Observability is the ability to understand the internal state of a system by examining its outputs. Unlike monitoring, which asks “Is the system up?”, observability asks “Why is the system behaving this way?”. The three pillars — metrics, logs, and traces — provide complementary views. Metrics show what is happening over time, logs show what individual components are saying, and traces show how requests flow through distributed systems.

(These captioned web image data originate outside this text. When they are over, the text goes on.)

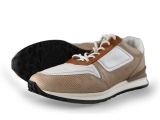 Greve Sneakers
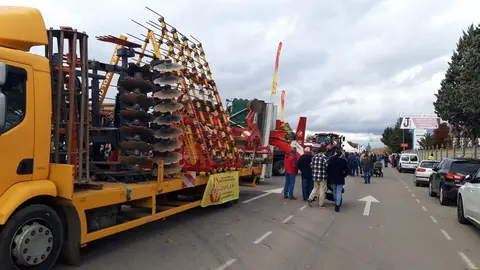 Mansilla de las Mulas revive su tradición con la Feria de San Martín. La histórica cita agroganadera reúne a miles de visitantes, cerca de 40 expositores y las VI Jornadas del Bacalao, consolidándose como el gran referente ferial de la provincia leonesa.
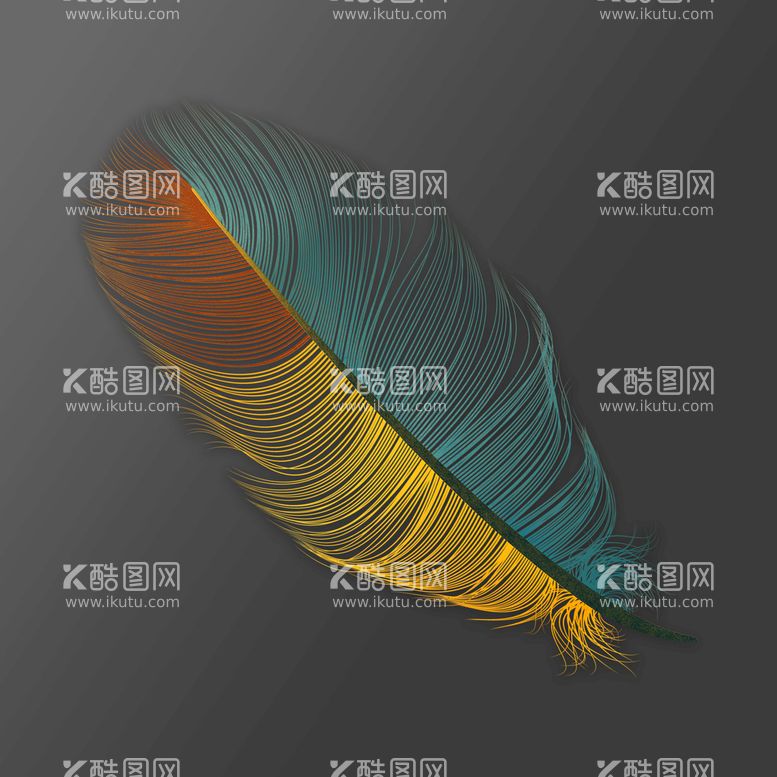 编号：47472711170849157003【酷图网】源文件下载-羽毛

Together they enable debugging unknown-unknowns: problems you did not anticipate and therefore did not instrument for.

When to Use

You operate distributed systems where failure is normal and expected
Debugging requires correlating behavior across multiple services
You need to define and measure Service Level Objectives (SLOs)
Mean Time To Recovery (MTTR) must be minimized
You want to move from reactive firefighting to proactive capacity planning

The Three Pillars

Pillar	Question it answers	Example tool
Metrics	What is the system doing?	Prometheus, Datadog, CloudWatch
Logs	What did a specific component say?	Loki, ELK, Splunk, CloudWatch Logs
Traces	Where did a request go and how long?	Jaeger, Tempo, Zipkin, AWS X-Ray

Metrics with Prometheus

# Prometheus scrape config
scrape_configs:
  - job_name: 'api'
    static_configs:
      - targets: ['api:8080']
    metrics_path: '/metrics'

  - job_name: 'kubernetes-pods'
    kubernetes_sd_configs:
      - role: pod
    relabel_configs:
      - source_labels: [__meta_kubernetes_pod_annotation_prometheus_io_scrape]
        action: keep
        regex: true

Key Metric Types

Type	Use case	Example
Counter	Events that only increase	`http_requests_total`
Gauge	Values that go up and down	`memory_usage_bytes`
Histogram	Distributions of values	`request_duration_seconds`
Summary	Pre-computed quantiles	`request_duration_seconds{quantile="0.99"}`

Distributed Tracing with OpenTelemetry

from opentelemetry import trace
from opentelemetry.exporter.otlp.proto.grpc.trace_exporter import OTLPSpanExporter
from opentelemetry.sdk.trace import TracerProvider
from opentelemetry.sdk.trace.export import BatchSpanProcessor

tracer_provider = TracerProvider()
otlp_exporter = OTLPSpanExporter(endpoint="tempo:4317", insecure=True)
tracer_provider.add_span_processor(BatchSpanProcessor(otlp_exporter))
trace.set_tracer_provider(tracer_provider)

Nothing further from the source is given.